What is being asked: Go to the line that contains "New 2026 Toyota Camry XLE image 49", then write out that line and all that follow to the end of the listing, exactly and without pictures.

■ ■ ■

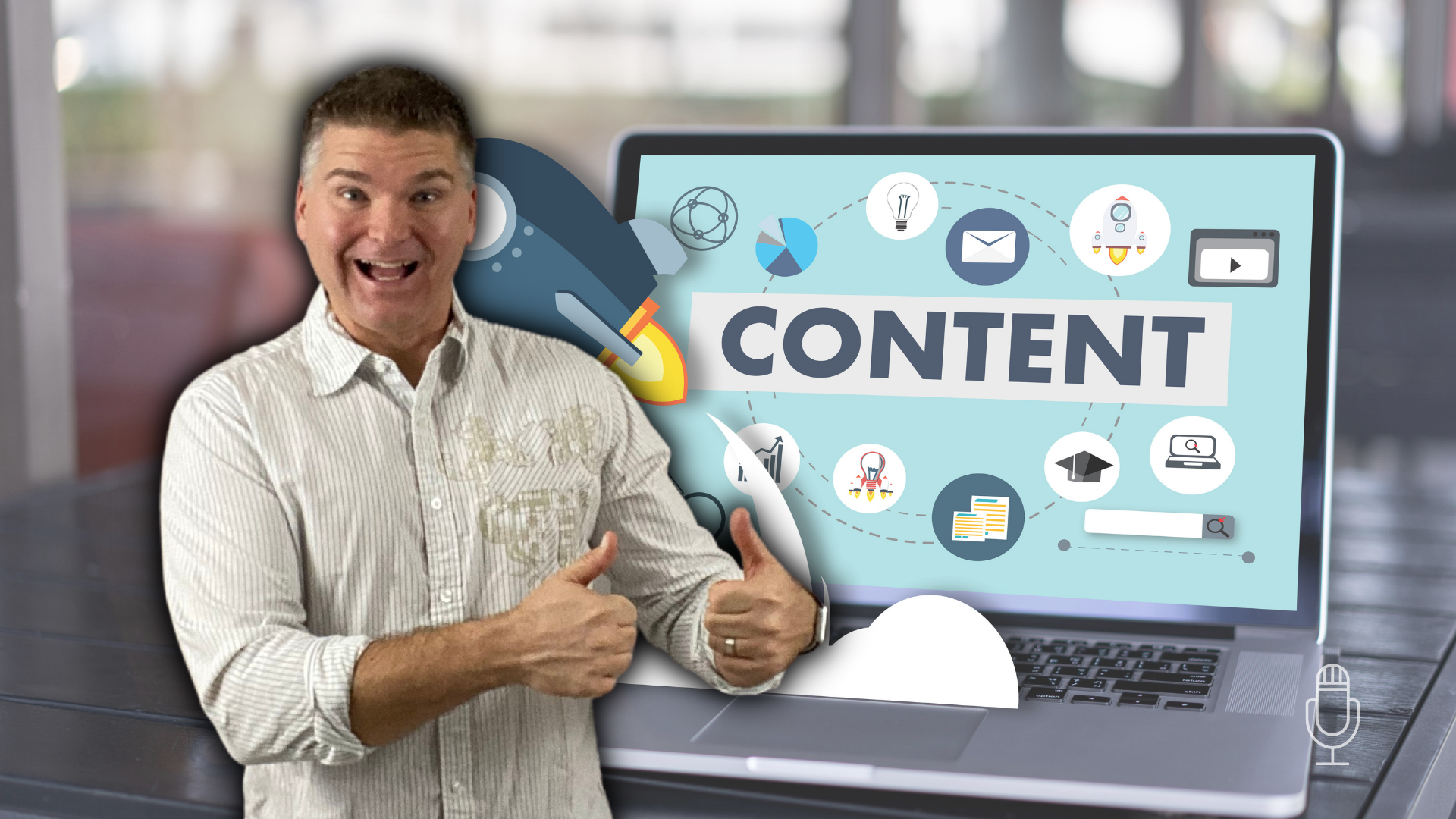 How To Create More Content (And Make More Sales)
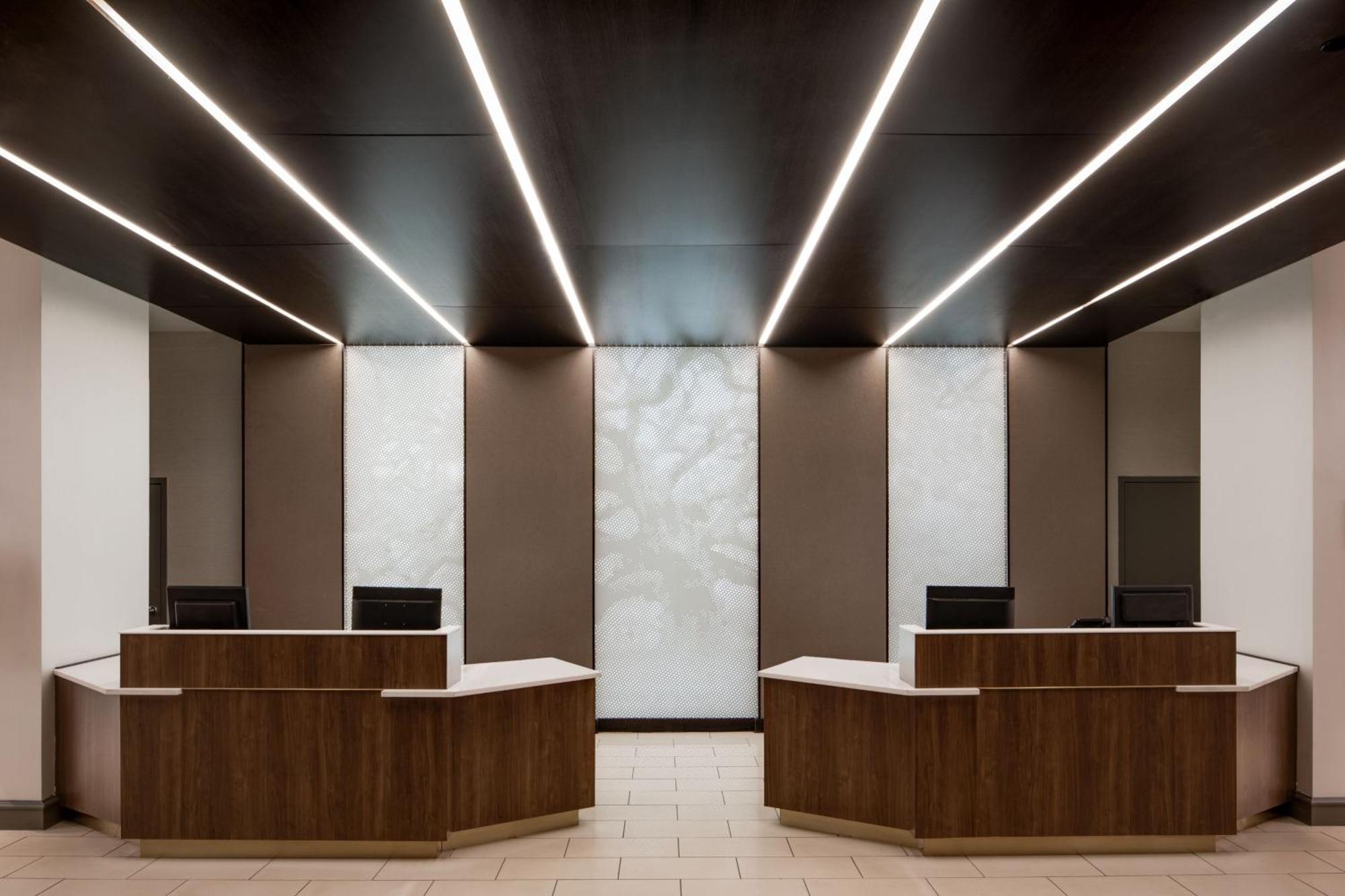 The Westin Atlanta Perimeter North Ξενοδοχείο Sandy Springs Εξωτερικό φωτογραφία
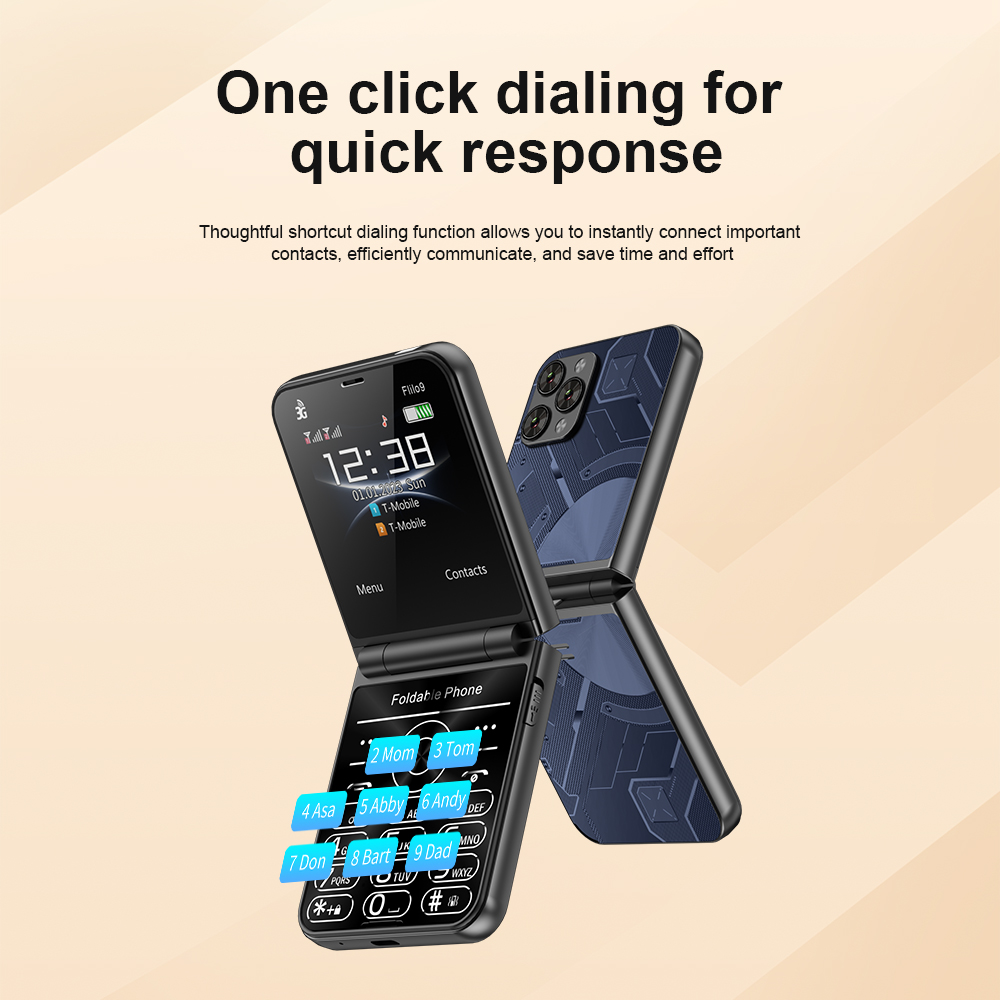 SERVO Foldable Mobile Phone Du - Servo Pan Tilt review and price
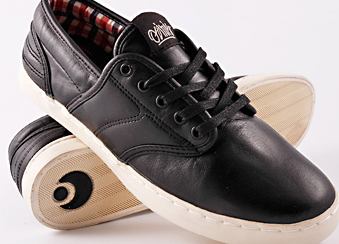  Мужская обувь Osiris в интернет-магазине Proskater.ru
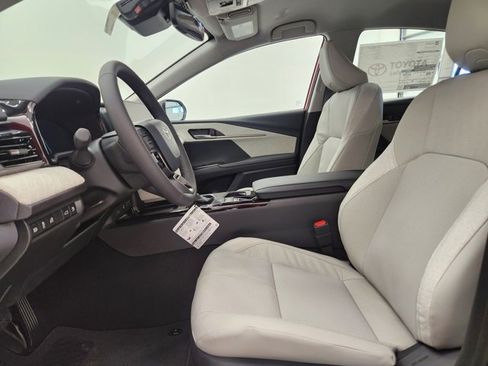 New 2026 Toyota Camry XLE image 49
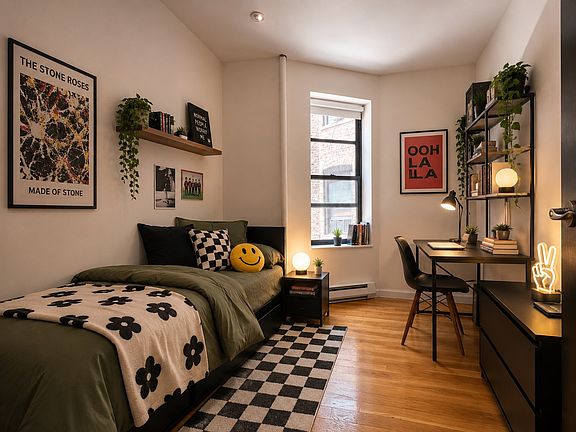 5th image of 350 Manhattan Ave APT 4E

■ ■ ■

Output below:
 New 2026 Toyota Camry XLE image 49
 5th image of 350 Manhattan Ave APT 4E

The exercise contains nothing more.